| Exercise instructions |
Whenever a line in the entries includes the word "with", copy that line out.

(Stored data entries)

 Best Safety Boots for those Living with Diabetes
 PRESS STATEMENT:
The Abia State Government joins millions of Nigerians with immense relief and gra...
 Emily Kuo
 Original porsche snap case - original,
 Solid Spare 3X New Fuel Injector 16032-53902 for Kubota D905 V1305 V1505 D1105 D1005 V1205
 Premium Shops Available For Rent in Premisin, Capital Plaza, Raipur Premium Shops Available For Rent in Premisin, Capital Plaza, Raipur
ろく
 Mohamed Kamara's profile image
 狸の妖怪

...

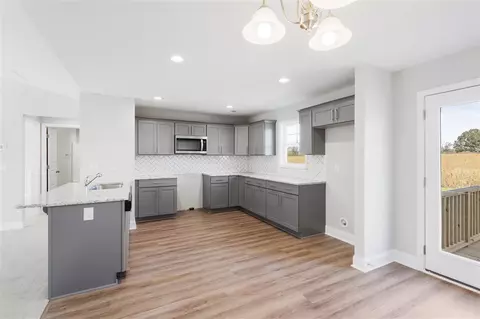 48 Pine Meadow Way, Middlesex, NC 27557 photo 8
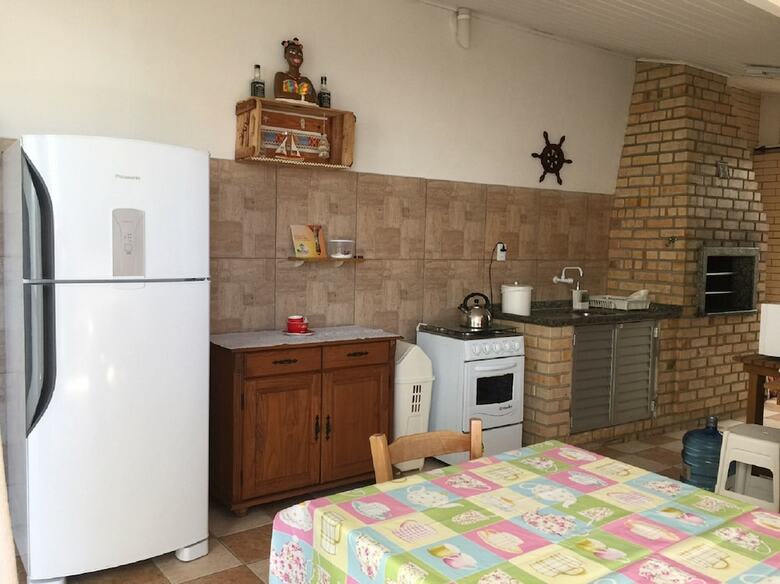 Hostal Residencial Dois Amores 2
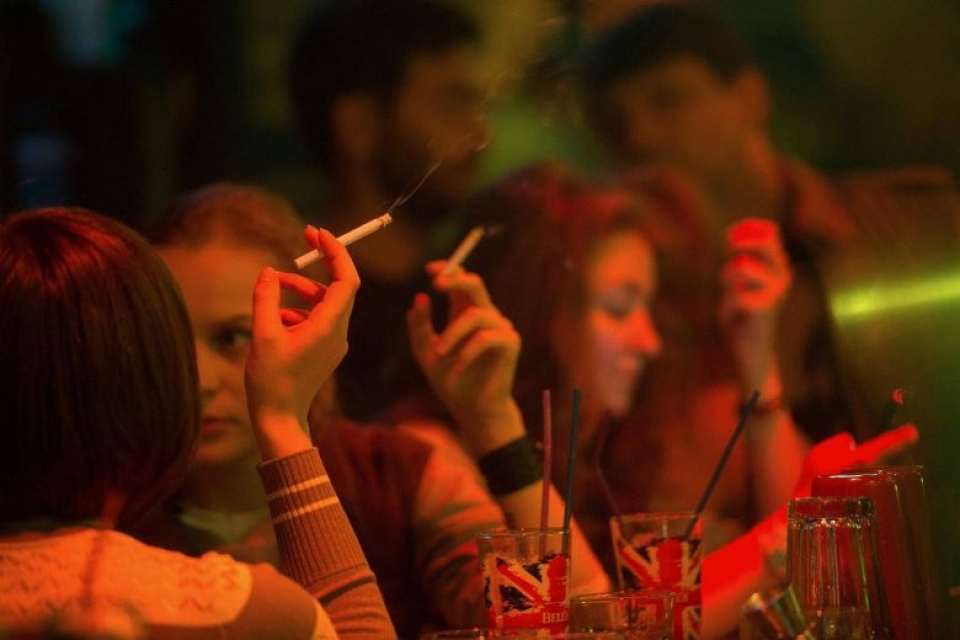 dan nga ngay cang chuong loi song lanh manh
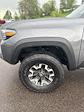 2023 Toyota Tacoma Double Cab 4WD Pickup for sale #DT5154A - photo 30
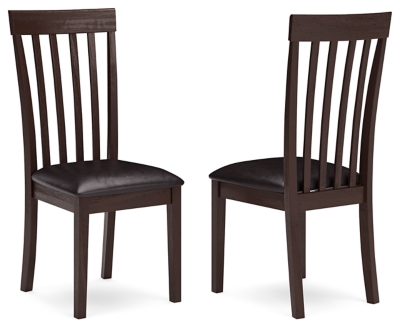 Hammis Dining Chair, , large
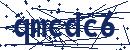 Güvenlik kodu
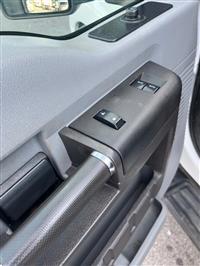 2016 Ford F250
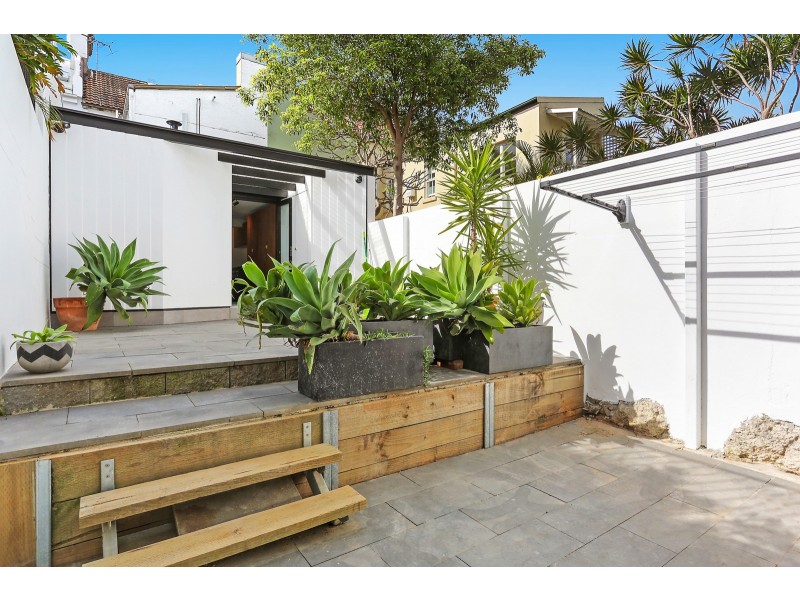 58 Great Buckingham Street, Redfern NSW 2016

| Result of the exercise |
 Best Safety Boots for those Living with Diabetes
The Abia State Government joins millions of Nigerians with immense relief and gra...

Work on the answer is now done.